At the present stage, however, it is important to distinguish between two issues: what many analysts say could be done with digital technologies, and what insurance companies are already doing with digital technologies. The use of Big Data has produced a big narrative about the predictive capability of the algorithms used to process these data. According to some observers (Siegelman, 2014: 325), this predictive power is ‘grossly exaggerated’, because social regularities are much more irregular than the regularities of the natural world, and the future remains unpredictable even when (or just when) we do everything possible to predict it. Moreover, predictive algorithms have not yet been applied to what is perhaps the most sensitive and crucial operation of the entire insurance mechanism: pricing. As McFall and Moor (2018: 205) rightly observe, it is premature, at least empirically, to come to the conclusion that premiums are tailored to individual policyholders in connected insurance. ²⁰ However, it is maybe not premature to ask what could happen if such a tailoring of policy premiums would replace traditional actuarial practices, when one bears in mind that, as McFall (2019: 54) points out, price personalisation would personalise access to goods and services (e.g. care, credit, retirement benefits) as well.

In our opinion, the relationship between prediction, price and personalisation with which the digital society is confronted is the outcome of a more general socio-evolutionary dynamic depending on the internalisation of attributions which is characteristic of the risk society (Beck, 2005; Luhmann, 1993). In the case of insurance, the basic problem is always how to avoid adverse selection, i.e. the choice of particularly risky clients that will cost the company much more than the company has earned from the insurance premium. What is new in digital insurance is not so much that insurance companies try to predict risk in order to select the best cases in advance, but rather that the prediction is calculated directly on individual behaviour. External variables such as gender, age, race or place of residence are replaced, as we have seen, by internal, i.e. behavioural, variables. And the insurance premium could be calculated accordingly. While some observers claim that this would be justified for reasons of fairness (those who take more risks should pay more), others fear that the personalisation of prices could shape life-chances and produce new forms of discrimination. Unlike the traditional stratification into social classes, where discrimination was an assumption that affected individual life-chances, with the new alliance between actuarial techniques and digital technologies, discrimination would rather be a consequence of individual life-style, and generate classification situations that would affect individual life-chances in ways that are still largely unpredictable (Fourcade and Healy, 2013: esp. 560ff; cf. also Moor and Lury, 2018).

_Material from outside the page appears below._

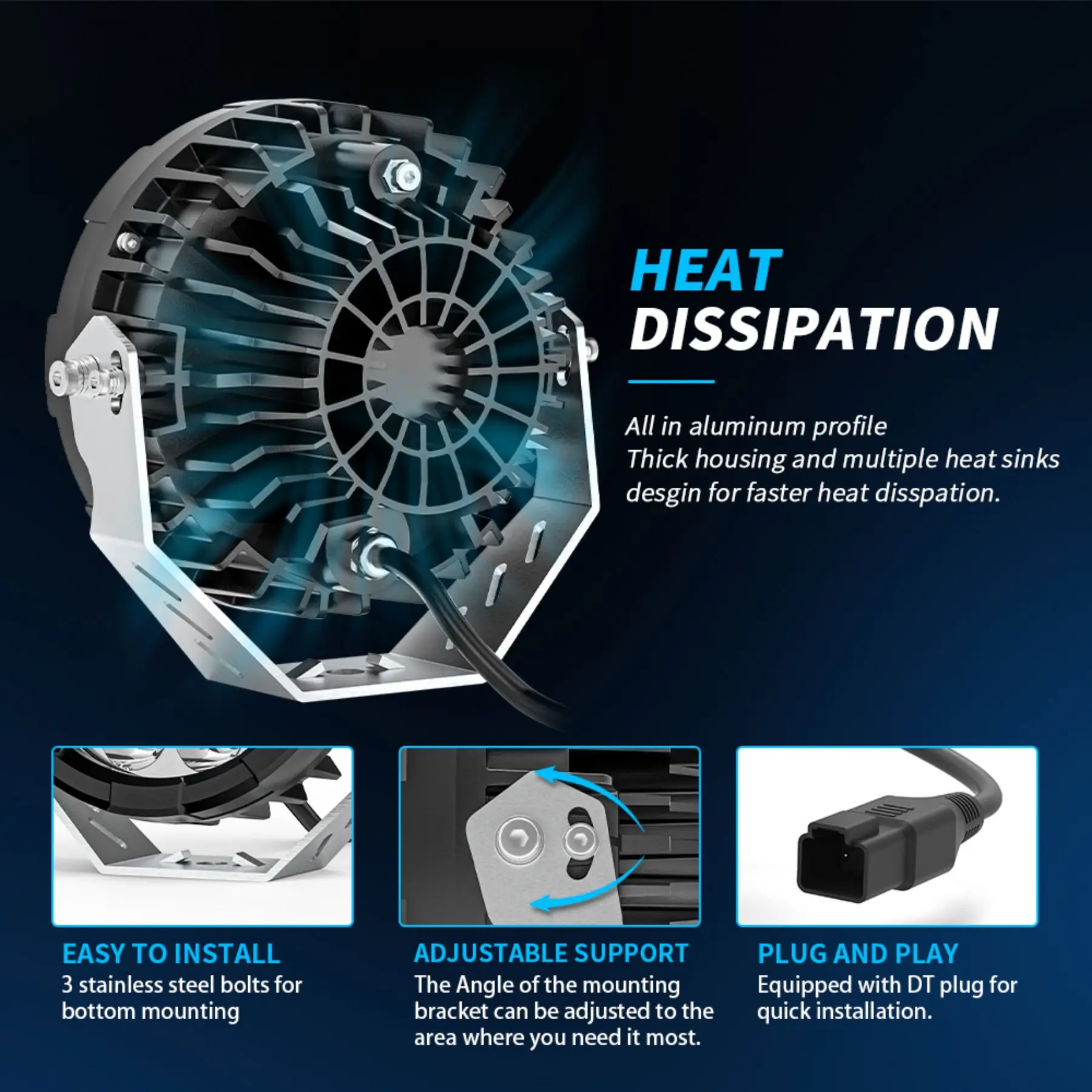 Foco LED redondo 7 pulgadas todoterreno DXZ - imagen 3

In any case, the possibility of replacing the assessment of the average with the assessment of the policyholder profile introduces a new way to deal with the uncertainty of the future. Empirical research is needed to observe whether this alleged epistemological revolution (Ewald, 2012: 10, 23) generates a concomitant pragmatic revolution – pragmatic both in the sense that insurance rates are calculated on the basis of the policyholder’s actual behaviour, and in the sense that her behaviour is conditioned by the fact that she knows that the price of the policy depends on that behaviour. This in turn could have circular effects with far-reaching consequences on social institutions, on the forms of solidarity and on the relationship with the future in the digital society.